**Source records:**
<<<<

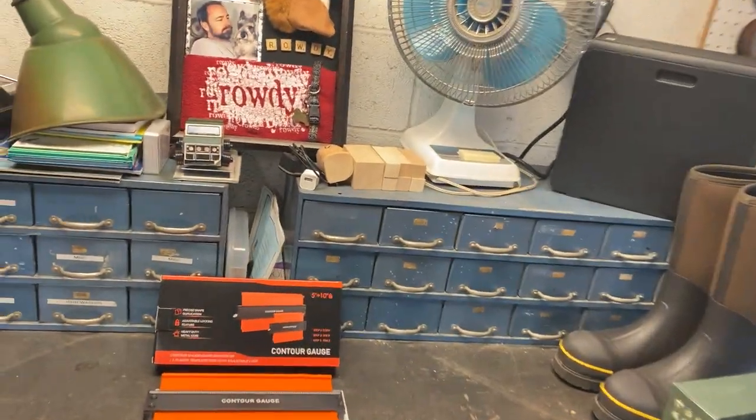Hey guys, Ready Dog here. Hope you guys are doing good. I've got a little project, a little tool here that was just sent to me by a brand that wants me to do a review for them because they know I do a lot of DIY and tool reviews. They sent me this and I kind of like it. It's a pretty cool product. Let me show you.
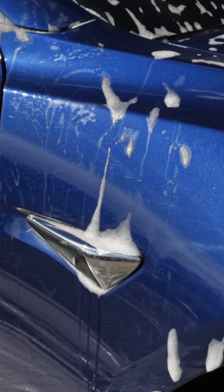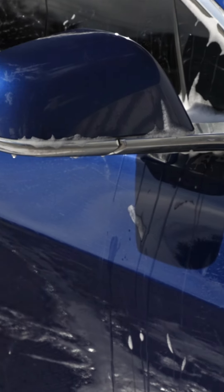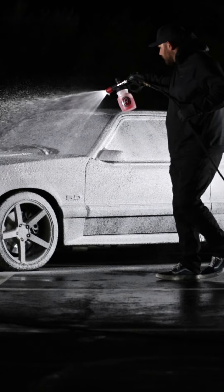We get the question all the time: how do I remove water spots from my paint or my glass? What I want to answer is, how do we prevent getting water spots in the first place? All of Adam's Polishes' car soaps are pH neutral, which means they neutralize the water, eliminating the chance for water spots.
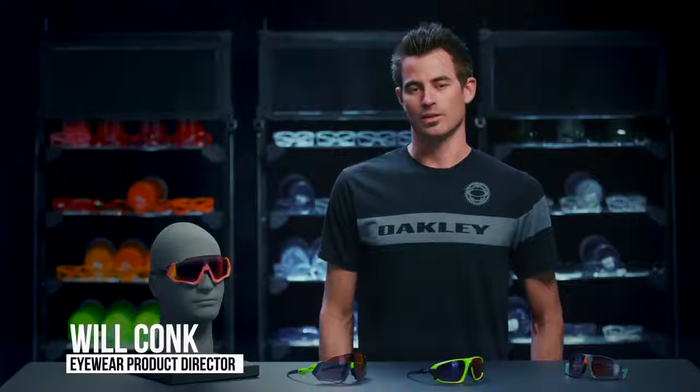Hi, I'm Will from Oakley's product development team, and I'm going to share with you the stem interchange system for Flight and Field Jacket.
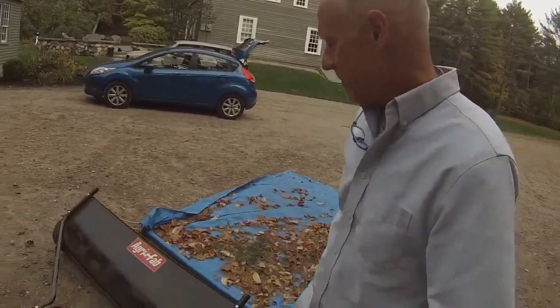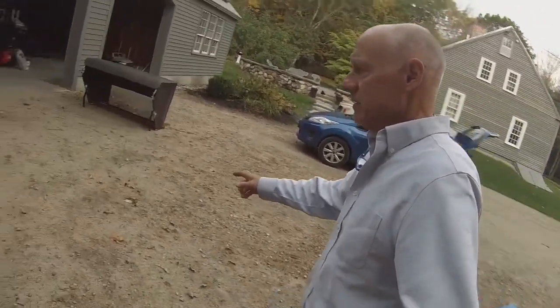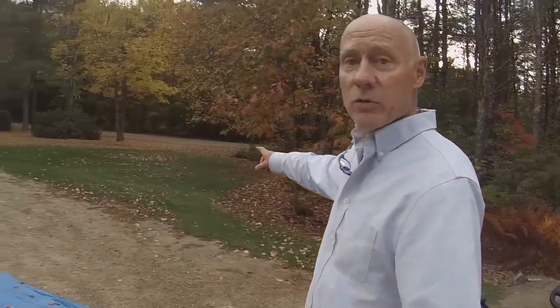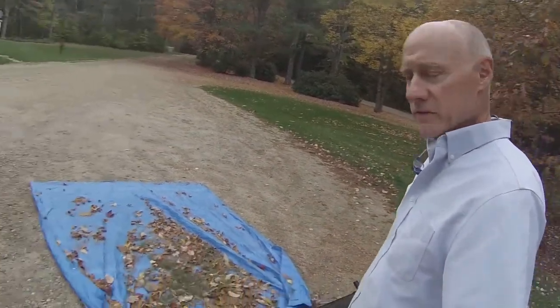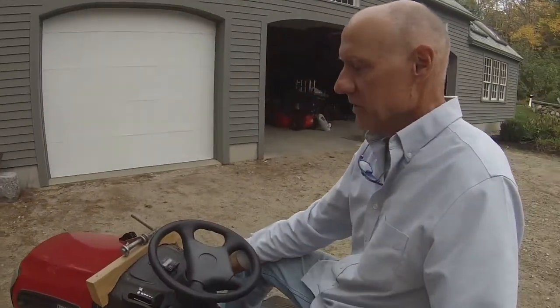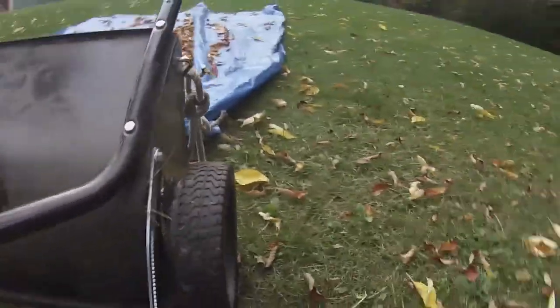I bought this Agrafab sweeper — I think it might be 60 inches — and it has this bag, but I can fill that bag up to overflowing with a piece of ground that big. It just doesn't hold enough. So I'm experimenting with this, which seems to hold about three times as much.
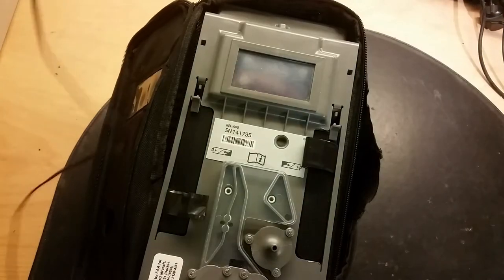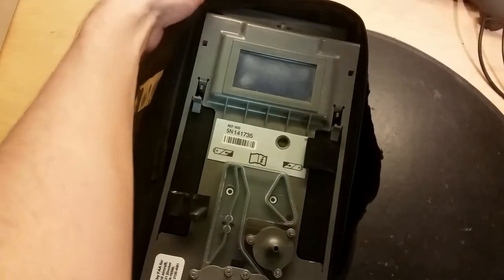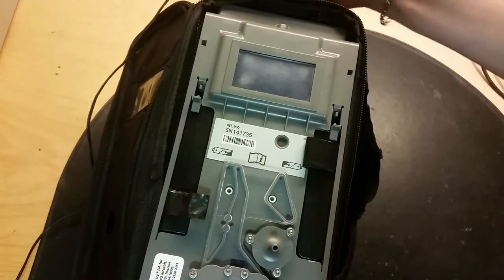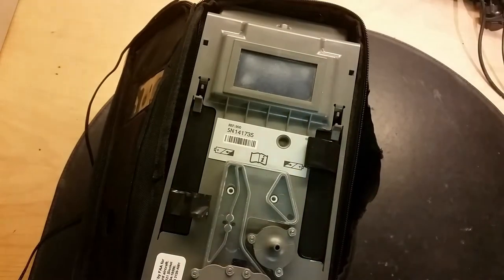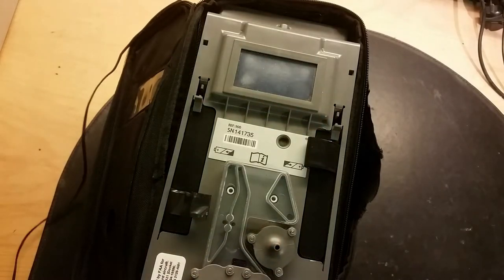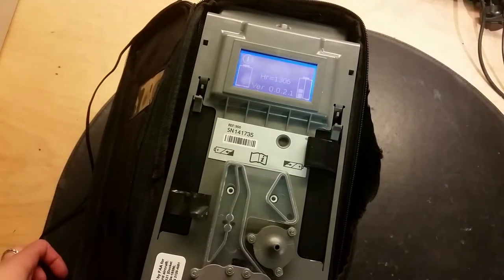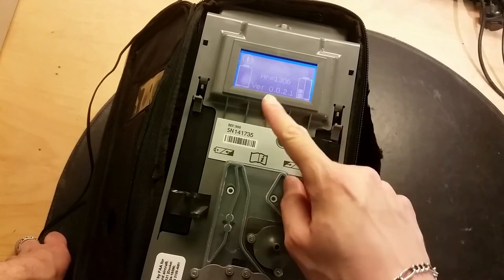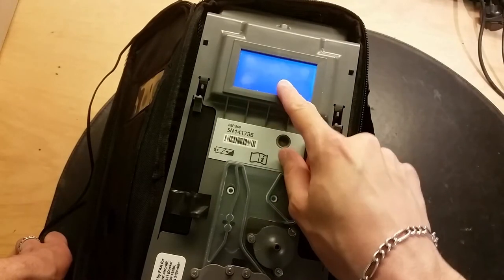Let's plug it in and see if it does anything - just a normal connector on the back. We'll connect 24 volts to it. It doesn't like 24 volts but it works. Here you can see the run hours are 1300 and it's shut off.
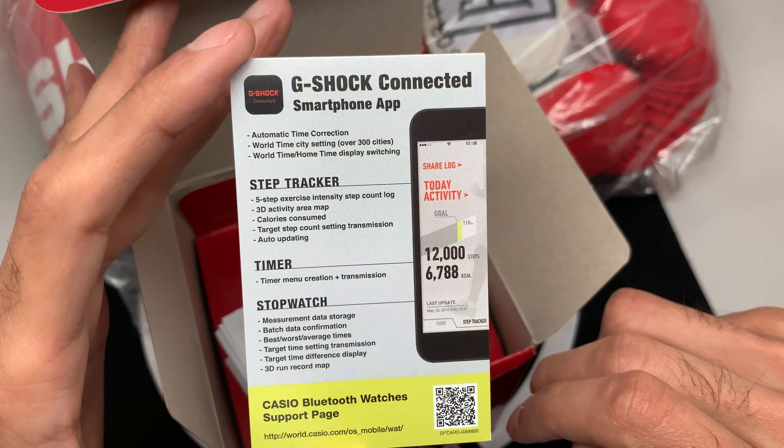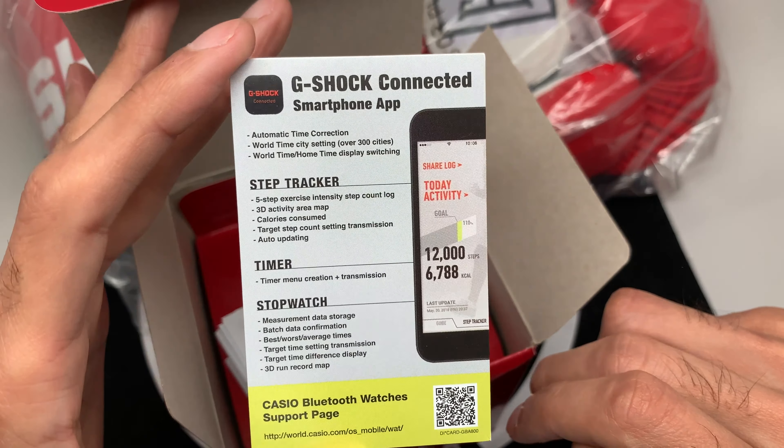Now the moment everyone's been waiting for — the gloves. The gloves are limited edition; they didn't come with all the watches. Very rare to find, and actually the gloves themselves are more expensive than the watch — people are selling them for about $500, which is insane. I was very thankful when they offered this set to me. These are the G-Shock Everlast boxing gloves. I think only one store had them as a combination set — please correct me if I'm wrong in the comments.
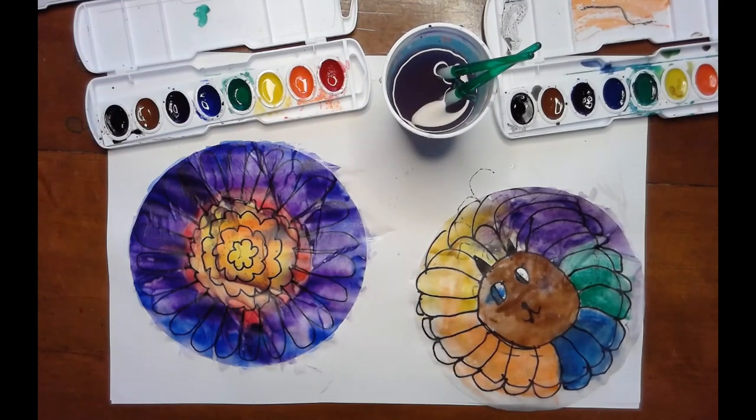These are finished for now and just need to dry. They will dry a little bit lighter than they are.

>>>>

**What is needed:** A faithful, word-for-word version of the records above is needed, with no images in it.

**Result of this exercise:**
Hey guys, Ready Dog here. Hope you guys are doing good. I've got a little project, a little tool here that was just sent to me by a brand that wants me to do a review for them because they know I do a lot of DIY and tool reviews. They sent me this and I kind of like it. It's a pretty cool product. Let me show you.
We get the question all the time: how do I remove water spots from my paint or my glass? What I want to answer is, how do we prevent getting water spots in the first place? All of Adam's Polishes' car soaps are pH neutral, which means they neutralize the water, eliminating the chance for water spots.
Hi, I'm Will from Oakley's product development team, and I'm going to share with you the stem interchange system for Flight and Field Jacket.
I bought this Agrafab sweeper — I think it might be 60 inches — and it has this bag, but I can fill that bag up to overflowing with a piece of ground that big. It just doesn't hold enough. So I'm experimenting with this, which seems to hold about three times as much.
Let's plug it in and see if it does anything - just a normal connector on the back. We'll connect 24 volts to it. It doesn't like 24 volts but it works. Here you can see the run hours are 1300 and it's shut off.
Now the moment everyone's been waiting for — the gloves. The gloves are limited edition; they didn't come with all the watches. Very rare to find, and actually the gloves themselves are more expensive than the watch — people are selling them for about $500, which is insane. I was very thankful when they offered this set to me. These are the G-Shock Everlast boxing gloves. I think only one store had them as a combination set — please correct me if I'm wrong in the comments.
These are finished for now and just need to dry. They will dry a little bit lighter than they are.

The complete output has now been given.